How can I obtain more information about a Fund?
Should you have any questions about a Fund, please do not hesitate to contact Shareholder Services toll free at (800) 992-0180. A copy of the current prospectus, statement of additional information, annual report, and semi-annual report for each Fund is available, without charge on the Internet at http://www.ingfunds.com/lit or by contacting the Funds at:
ING Funds
7337 East Doubletree Ranch Road, Suite 100
Scottsdale, Arizona 85258-2034
(800) 992-0180
Only one copy of this Proxy Statement may be mailed to each household, even if more than one person in the household is a Fund shareholder of record, unless the Funds have received contrary instructions from one or more of the households shareholders. If a shareholder needs an additional copy of this Proxy Statement, please contact Shareholder Services. If in the future, any shareholder does not wish to combine or wishes to recombine the mailing of a proxy statement with household members, please contact the Funds at the address or phone number listed above.
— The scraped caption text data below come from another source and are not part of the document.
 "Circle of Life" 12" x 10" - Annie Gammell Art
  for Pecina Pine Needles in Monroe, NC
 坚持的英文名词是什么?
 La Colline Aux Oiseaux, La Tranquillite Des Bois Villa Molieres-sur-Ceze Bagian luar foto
IMPACT OF THE SEPARATION PLAN
What is the Separation Plan?
ING Groep is a global financial institution of Dutch origin offering banking, investments, life insurance, and retirement services to over 85 million private, corporate, and institutional clients in more than 40 countries. The principal office of ING Groep is located at Amstelveenseweg 500, 1081 KL P.O. Box 810, 1000 AV Amsterdam, The Netherlands. ING U.S. constitutes the U.S.-based retirement, investment, and insurance operations of Netherlands-based ING Groep. In the United States, the ING family of companies offers a comprehensive array of financial services to retail and institutional clients, including retirement plans, IRA rollovers and transfers, stable value, institutional investment management, mutual funds, alternative investments, life insurance, employee benefits, fixed and indexed annuities, and financial planning. ING U.S. serves approximately 13 million customers across the nation. The principal office of ING U.S. is located at 230 Park Avenue, New York, New York 10169.
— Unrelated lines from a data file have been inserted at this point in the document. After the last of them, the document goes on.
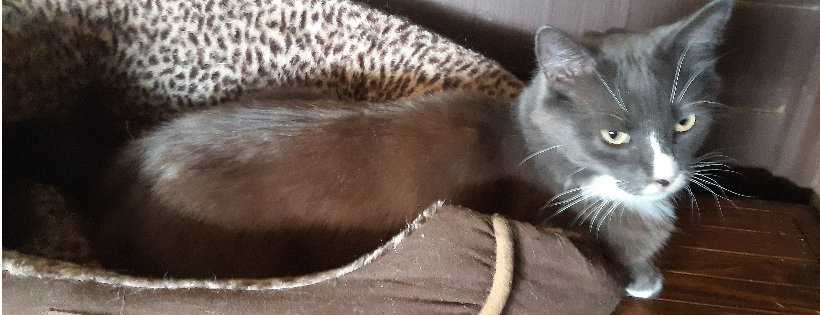Cats in Crisis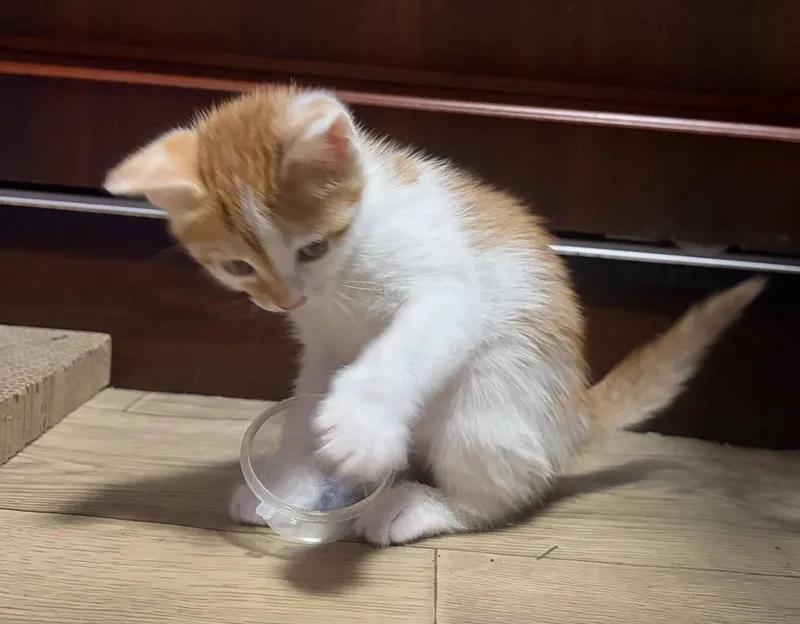 Котята в добрые руки 4
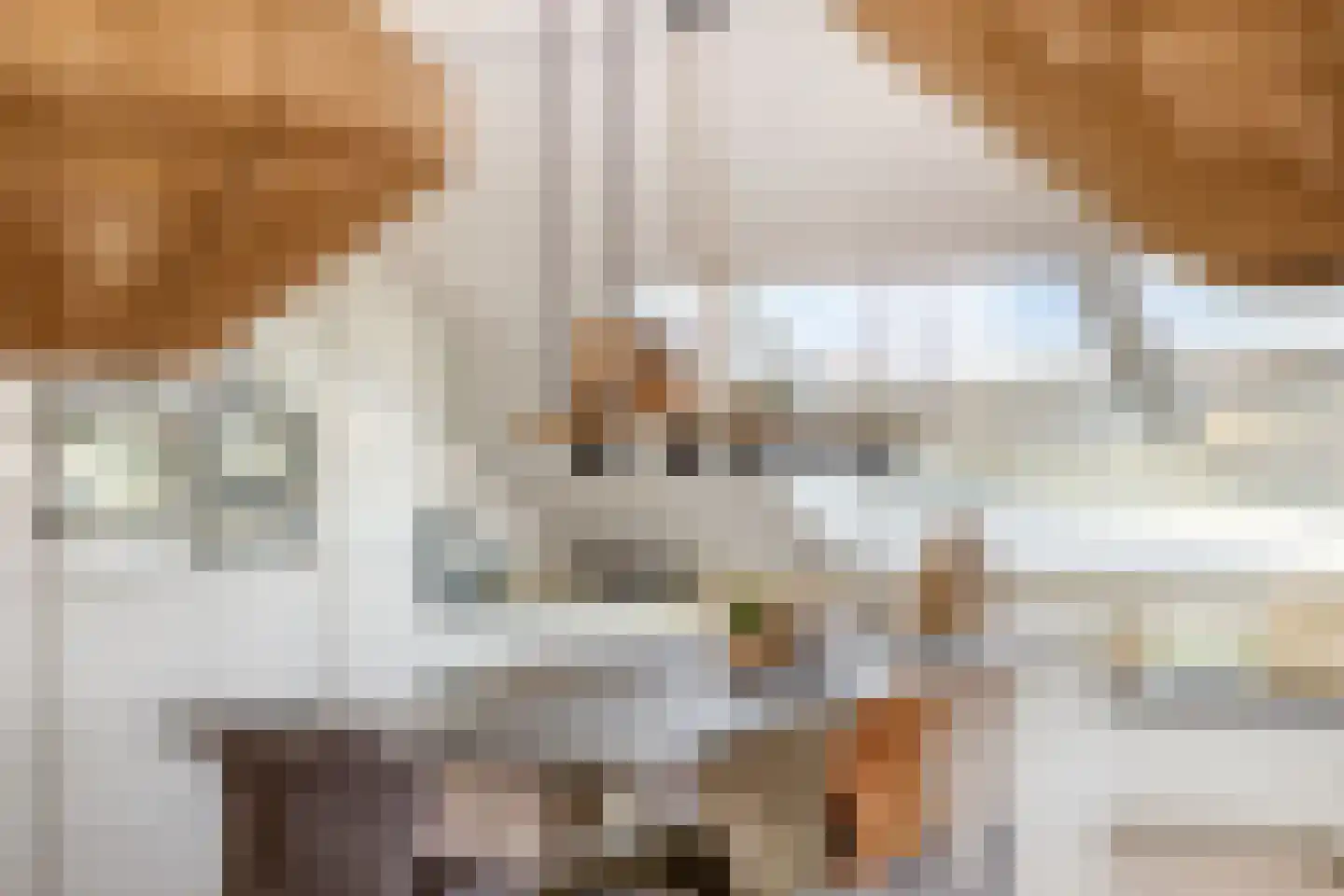 Louise Hengeveltlaan 27 Driel thumbnail 24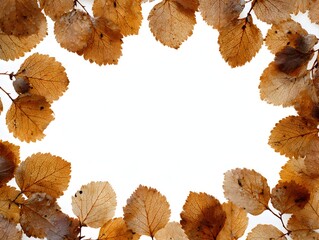 Wall Mural - Beautiful autumn leaves in warm brown tones form a natural frame on a clean white background image space.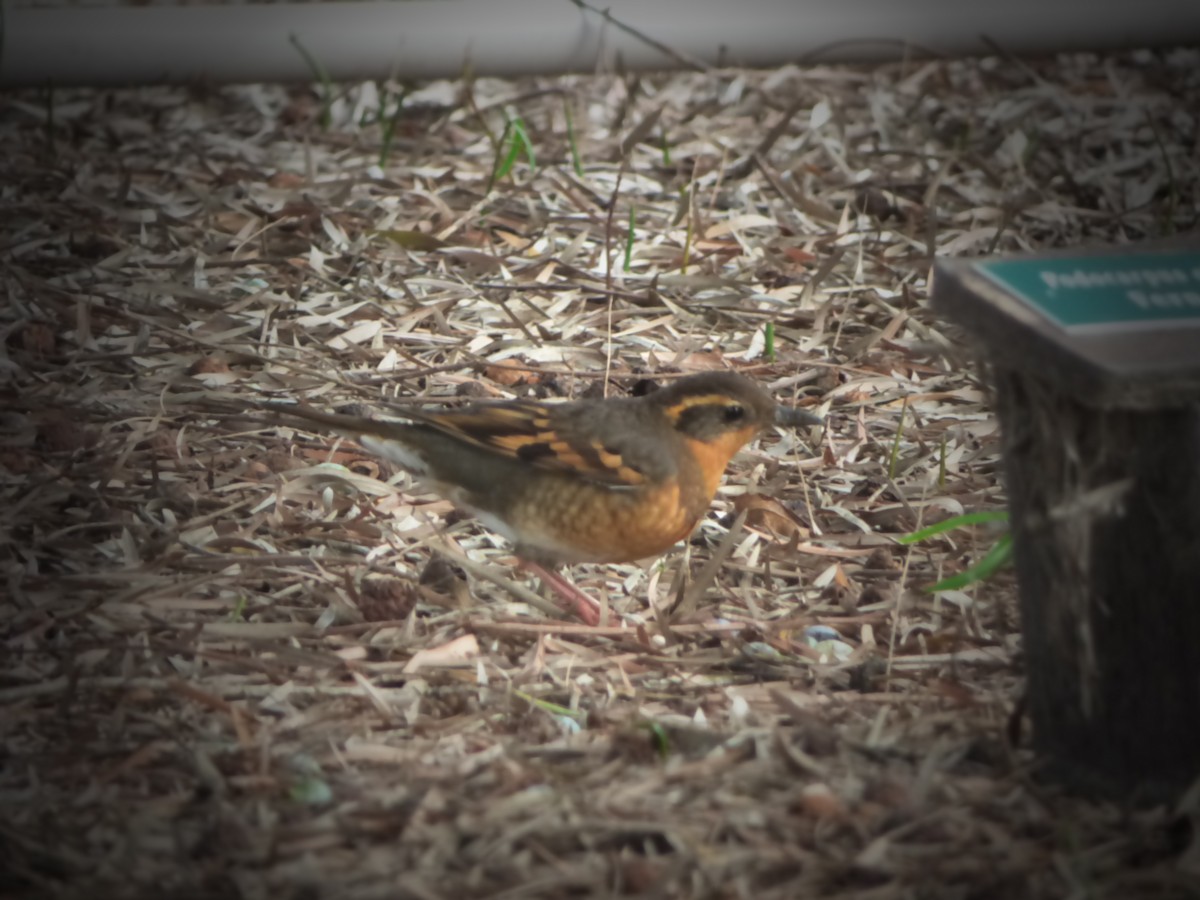 Varied Thrush - ML647276390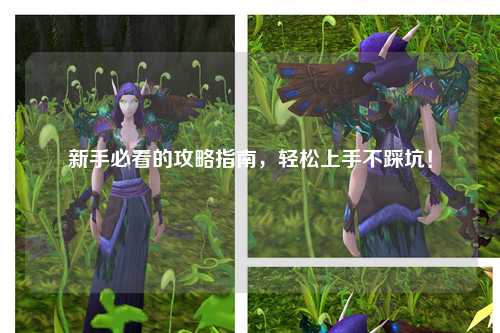 新手必看的攻略指南,轻松上手不踩坑!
In October 2009, ING Groep submitted a restructuring plan (the Restructuring Plan) to the European Commission in order to receive approval for state aid granted to ING Groep by the Kingdom of the Netherlands in November 2008 and March 2009. To receive approval for this state aid, ING Groep was required to divest its insurance and investment management businesses, including ING U.S., before the end of 2013. In November 2012, the Restructuring Plan was amended to permit ING Groep additional time to complete the divestment. Pursuant to the amended Restructuring Plan, ING Groep must divest at least 25% of ING U.S. by the end of 2013, more than 50% by the end of 2014, and the remaining interest by the end of 2016.
On November 9, 2012, ING U.S. filed a Registration Statement on Form S-1 (the Form S-1) with the U.S. Securities and Exchange Commission (SEC) to register an initial public offering of ING U.S. common stock. Following an IPO, ING Groep would likely continue to own a majority of the common stock of ING U.S. Subsequent to an IPO, ING Groep would likely sell its controlling ownership interest in ING U.S. over time. While the base case for the Separation Plan is the IPO, all options remain open and it is possible that ING Groeps divestment of ING U.S. may take place by means of a sale to a single buyer or group of buyers. Notwithstanding the filing of the Form S-1, there can be no assurance that the IPO will occur.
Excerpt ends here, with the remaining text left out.